Поэтому я, ломая Вашу гордость, хочу у Вас спросить: что стоит друг, если он при виде горя и печали друга только причмокивает языком от сочувствия и не делает ничего, будучи что-либо в состоянии сделать? Надеюсь, что Вы мой вопрос поняли. И я прошу Вас принять мою помощь. Это для меня ничего не составит, а Вам, я знаю, это необходимо.
Кроме того, разрешите мне в качестве новогоднего подарка прислать Вам деньги на покупку радиоприемника, который Вам даст возможность слушать и мою музыку среди другой.
Я жду с нетерпением Вашего скорого письма. А пока я хочу Вам пожелать так много хорошего, как может желать только искренне преданный человек.
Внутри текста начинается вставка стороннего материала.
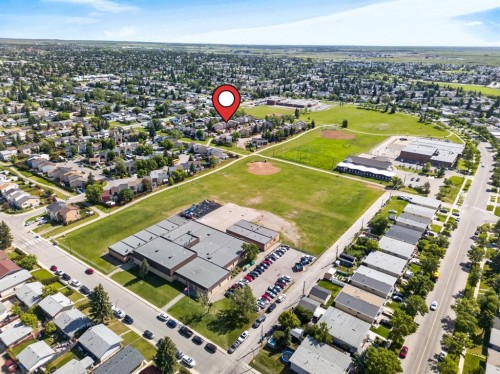 287 Pensville Close Se, Calgary, AB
Людмила! Верьте! Любите жизнь! Помните, что я этого хочу. (...) А чтоб Вы совсем рассмеялись от неожиданности, я крепко Вас обнимаю и целую, худую и некрасивую. Для моих чувств Ваши габариты не имеют никакого значения. Вы для меня всегда остаетесь обширной и красивой. Вот как!
Ваш И. Д.
1/II—49 г.
Милый друг, вместо ожидаемой Вами улыбки я расплакалась над Вашим письмом. Я очень ценю Вашу деликатность, но мне стало так грустно...
Относительно Вашего предложения могу сказать Вам (только Вам я решаюсь сказать об этом откровенно), что я нахожусь в мучительном раздумье: быть или не быть?
(...) Чем ближе становитесь Вы мне, чем теснее незримые нити связывают наши души, тем менее мне хочется, чтобы среди этих нитей была материальная зависимость. (...)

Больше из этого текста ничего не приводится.